=== RECORDS SHOWN ===

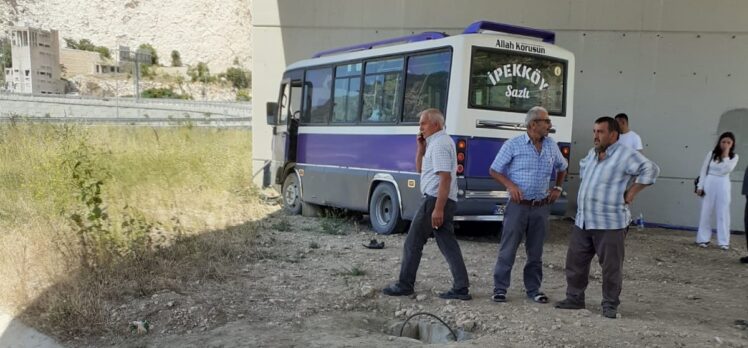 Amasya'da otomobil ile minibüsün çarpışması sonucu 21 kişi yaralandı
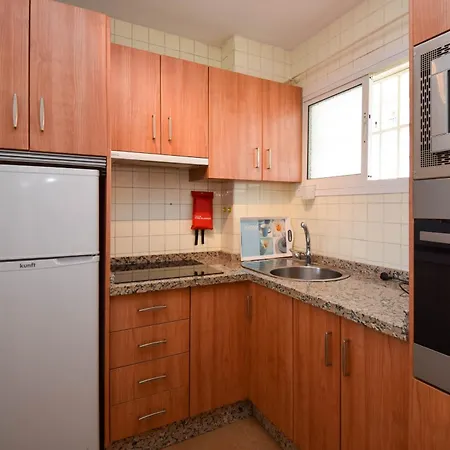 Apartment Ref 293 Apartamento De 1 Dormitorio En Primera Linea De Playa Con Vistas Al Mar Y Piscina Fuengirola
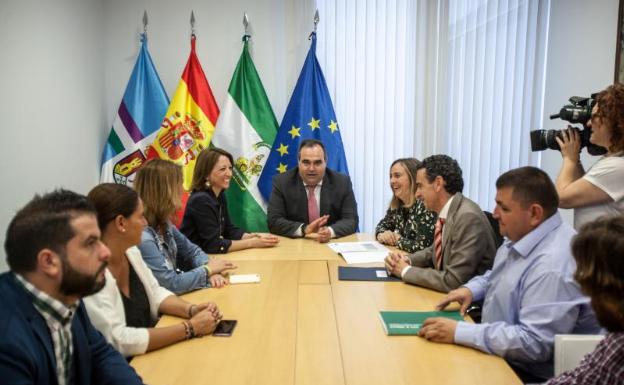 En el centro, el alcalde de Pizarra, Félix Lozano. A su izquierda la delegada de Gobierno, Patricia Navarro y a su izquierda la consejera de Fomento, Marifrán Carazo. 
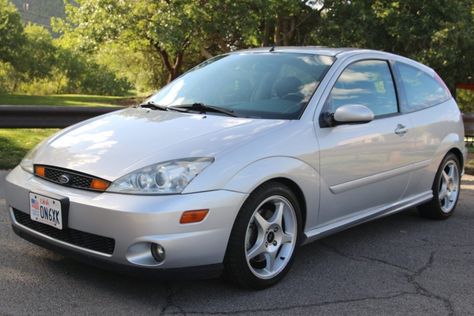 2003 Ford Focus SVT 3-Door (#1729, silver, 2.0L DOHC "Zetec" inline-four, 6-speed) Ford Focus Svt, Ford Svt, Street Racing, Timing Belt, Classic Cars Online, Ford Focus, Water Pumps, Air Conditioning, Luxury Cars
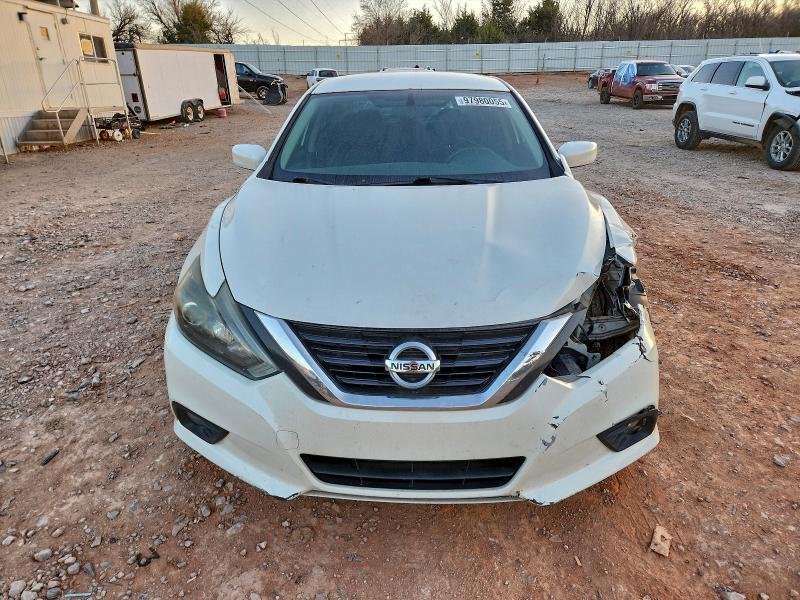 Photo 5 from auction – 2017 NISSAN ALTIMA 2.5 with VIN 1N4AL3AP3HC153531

===
=== RECORDS SHOWN ===

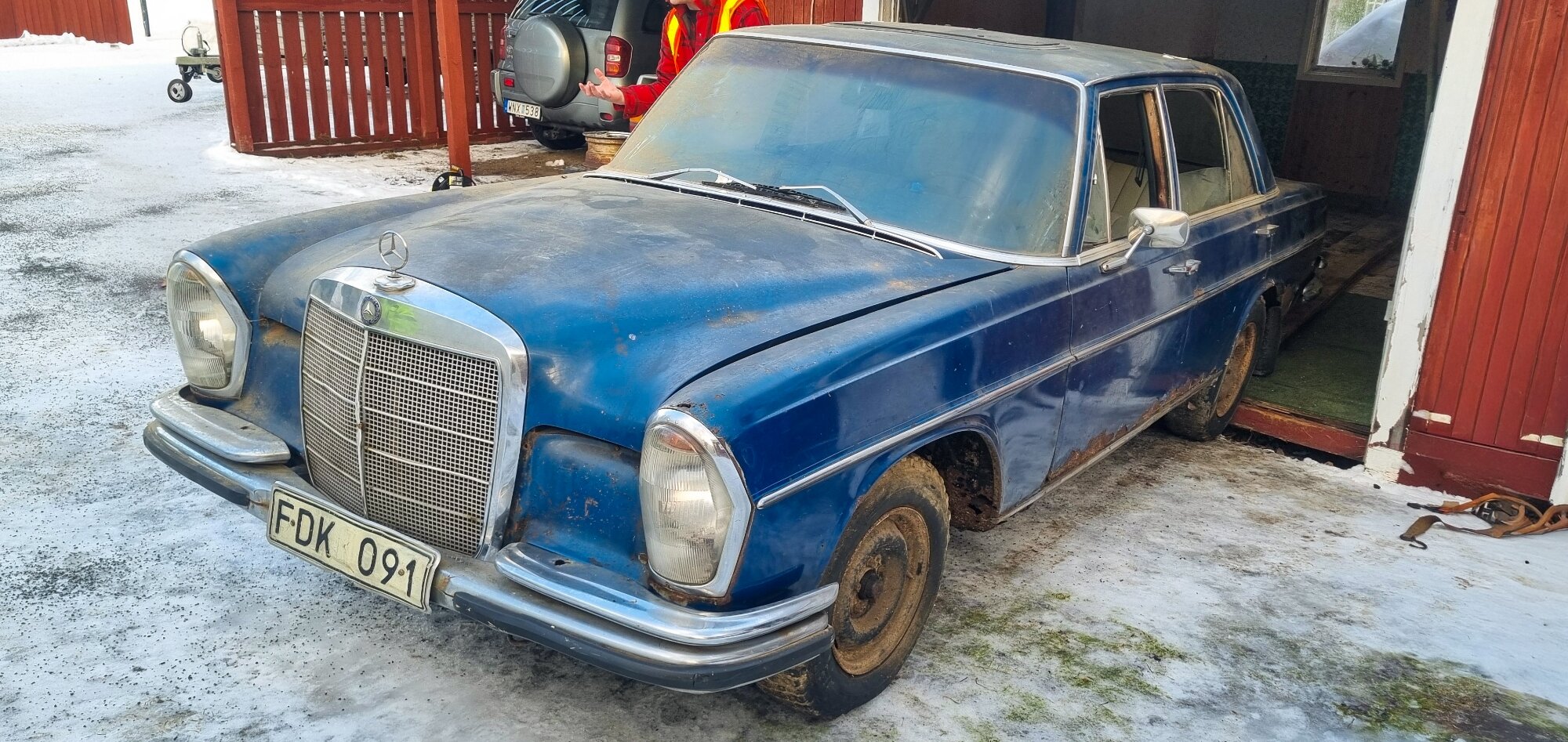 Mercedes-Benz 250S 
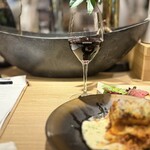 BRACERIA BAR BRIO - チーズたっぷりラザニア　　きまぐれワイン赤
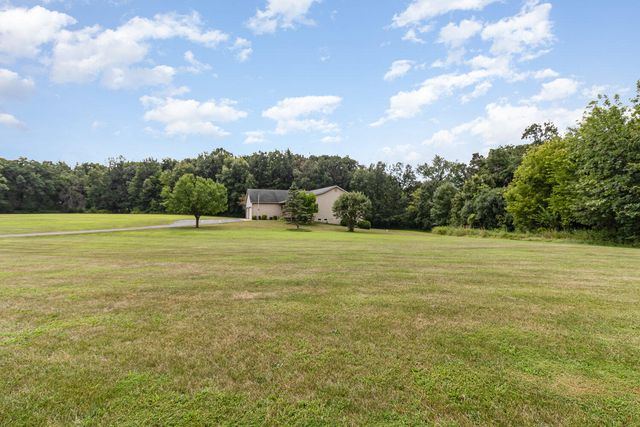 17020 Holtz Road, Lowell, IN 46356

===

(WHAT IS REQUIRED):
Pictures in the material above should be skipped; print exactly the lines from the one with "En el centro, el" through the one with "Photo 5 from".

(WRITTEN SOLUTION):
 En el centro, el alcalde de Pizarra, Félix Lozano. A su izquierda la delegada de Gobierno, Patricia Navarro y a su izquierda la consejera de Fomento, Marifrán Carazo. 
 2003 Ford Focus SVT 3-Door (#1729, silver, 2.0L DOHC "Zetec" inline-four, 6-speed) Ford Focus Svt, Ford Svt, Street Racing, Timing Belt, Classic Cars Online, Ford Focus, Water Pumps, Air Conditioning, Luxury Cars
 Photo 5 from auction – 2017 NISSAN ALTIMA 2.5 with VIN 1N4AL3AP3HC153531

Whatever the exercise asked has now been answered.